**Your goal:** Find the line in the entries below that contains "Tchyně (2015/6)". Repeat it exactly, and every line after it through the line that contains "20191014_IMG_4282_eZy Watermark_14-10-2019_17-09-59.jpeg".

[Source material — start]

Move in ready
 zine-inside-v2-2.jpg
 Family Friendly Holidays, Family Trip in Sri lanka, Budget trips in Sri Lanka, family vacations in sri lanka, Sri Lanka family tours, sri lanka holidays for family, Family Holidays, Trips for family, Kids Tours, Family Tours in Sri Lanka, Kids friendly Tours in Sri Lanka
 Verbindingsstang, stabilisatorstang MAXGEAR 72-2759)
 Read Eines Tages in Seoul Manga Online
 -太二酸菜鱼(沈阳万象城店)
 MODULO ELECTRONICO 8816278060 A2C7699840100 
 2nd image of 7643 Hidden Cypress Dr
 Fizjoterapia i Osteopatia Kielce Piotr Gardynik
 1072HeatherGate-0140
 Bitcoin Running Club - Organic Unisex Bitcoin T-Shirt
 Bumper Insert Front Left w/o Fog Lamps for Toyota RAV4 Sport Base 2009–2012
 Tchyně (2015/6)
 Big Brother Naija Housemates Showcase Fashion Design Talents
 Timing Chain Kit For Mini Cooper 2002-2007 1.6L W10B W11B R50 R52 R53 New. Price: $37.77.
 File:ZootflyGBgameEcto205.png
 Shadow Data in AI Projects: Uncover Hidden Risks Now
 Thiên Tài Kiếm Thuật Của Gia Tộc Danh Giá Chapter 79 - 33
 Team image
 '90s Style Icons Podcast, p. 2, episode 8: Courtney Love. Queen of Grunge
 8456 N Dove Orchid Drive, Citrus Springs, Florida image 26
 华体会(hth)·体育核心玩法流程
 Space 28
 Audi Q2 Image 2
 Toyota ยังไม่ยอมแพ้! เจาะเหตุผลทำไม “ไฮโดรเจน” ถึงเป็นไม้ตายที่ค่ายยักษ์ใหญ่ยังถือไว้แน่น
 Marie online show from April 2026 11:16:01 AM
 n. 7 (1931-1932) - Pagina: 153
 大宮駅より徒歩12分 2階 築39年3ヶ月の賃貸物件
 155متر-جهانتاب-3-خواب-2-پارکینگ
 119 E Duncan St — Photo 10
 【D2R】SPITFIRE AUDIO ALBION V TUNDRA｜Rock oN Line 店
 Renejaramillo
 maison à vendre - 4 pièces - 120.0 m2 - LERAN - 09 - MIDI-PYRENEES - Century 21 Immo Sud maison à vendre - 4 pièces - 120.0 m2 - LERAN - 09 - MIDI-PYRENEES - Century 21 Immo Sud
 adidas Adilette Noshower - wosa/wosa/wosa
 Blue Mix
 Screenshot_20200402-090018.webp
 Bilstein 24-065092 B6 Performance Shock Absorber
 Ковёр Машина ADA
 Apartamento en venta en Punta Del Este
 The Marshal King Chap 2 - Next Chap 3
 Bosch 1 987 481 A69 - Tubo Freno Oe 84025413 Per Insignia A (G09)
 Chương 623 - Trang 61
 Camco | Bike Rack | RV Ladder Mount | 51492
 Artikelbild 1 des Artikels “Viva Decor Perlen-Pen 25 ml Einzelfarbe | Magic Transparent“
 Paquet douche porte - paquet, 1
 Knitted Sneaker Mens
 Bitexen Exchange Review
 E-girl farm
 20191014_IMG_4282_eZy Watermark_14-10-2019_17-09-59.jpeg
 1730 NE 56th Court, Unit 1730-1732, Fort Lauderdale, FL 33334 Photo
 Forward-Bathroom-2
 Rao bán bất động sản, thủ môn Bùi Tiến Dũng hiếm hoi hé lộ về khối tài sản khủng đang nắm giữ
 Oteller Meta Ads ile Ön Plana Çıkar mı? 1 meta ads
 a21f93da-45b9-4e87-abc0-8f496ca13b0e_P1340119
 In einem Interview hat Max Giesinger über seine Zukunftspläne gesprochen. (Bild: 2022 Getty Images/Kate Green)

[Source material — finish]

**Response for this exercise:**
 Tchyně (2015/6)
 Big Brother Naija Housemates Showcase Fashion Design Talents
 Timing Chain Kit For Mini Cooper 2002-2007 1.6L W10B W11B R50 R52 R53 New. Price: $37.77.
 File:ZootflyGBgameEcto205.png
 Shadow Data in AI Projects: Uncover Hidden Risks Now
 Thiên Tài Kiếm Thuật Của Gia Tộc Danh Giá Chapter 79 - 33
 Team image
 '90s Style Icons Podcast, p. 2, episode 8: Courtney Love. Queen of Grunge
 8456 N Dove Orchid Drive, Citrus Springs, Florida image 26
 华体会(hth)·体育核心玩法流程
 Space 28
 Audi Q2 Image 2
 Toyota ยังไม่ยอมแพ้! เจาะเหตุผลทำไม “ไฮโดรเจน” ถึงเป็นไม้ตายที่ค่ายยักษ์ใหญ่ยังถือไว้แน่น
 Marie online show from April 2026 11:16:01 AM
 n. 7 (1931-1932) - Pagina: 153
 大宮駅より徒歩12分 2階 築39年3ヶ月の賃貸物件
 155متر-جهانتاب-3-خواب-2-پارکینگ
 119 E Duncan St — Photo 10
 【D2R】SPITFIRE AUDIO ALBION V TUNDRA｜Rock oN Line 店
 Renejaramillo
 maison à vendre - 4 pièces - 120.0 m2 - LERAN - 09 - MIDI-PYRENEES - Century 21 Immo Sud maison à vendre - 4 pièces - 120.0 m2 - LERAN - 09 - MIDI-PYRENEES - Century 21 Immo Sud
 adidas Adilette Noshower - wosa/wosa/wosa
 Blue Mix
 Screenshot_20200402-090018.webp
 Bilstein 24-065092 B6 Performance Shock Absorber
 Ковёр Машина ADA
 Apartamento en venta en Punta Del Este
 The Marshal King Chap 2 - Next Chap 3
 Bosch 1 987 481 A69 - Tubo Freno Oe 84025413 Per Insignia A (G09)
 Chương 623 - Trang 61
 Camco | Bike Rack | RV Ladder Mount | 51492
 Artikelbild 1 des Artikels “Viva Decor Perlen-Pen 25 ml Einzelfarbe | Magic Transparent“
 Paquet douche porte - paquet, 1
 Knitted Sneaker Mens
 Bitexen Exchange Review
 E-girl farm
 20191014_IMG_4282_eZy Watermark_14-10-2019_17-09-59.jpeg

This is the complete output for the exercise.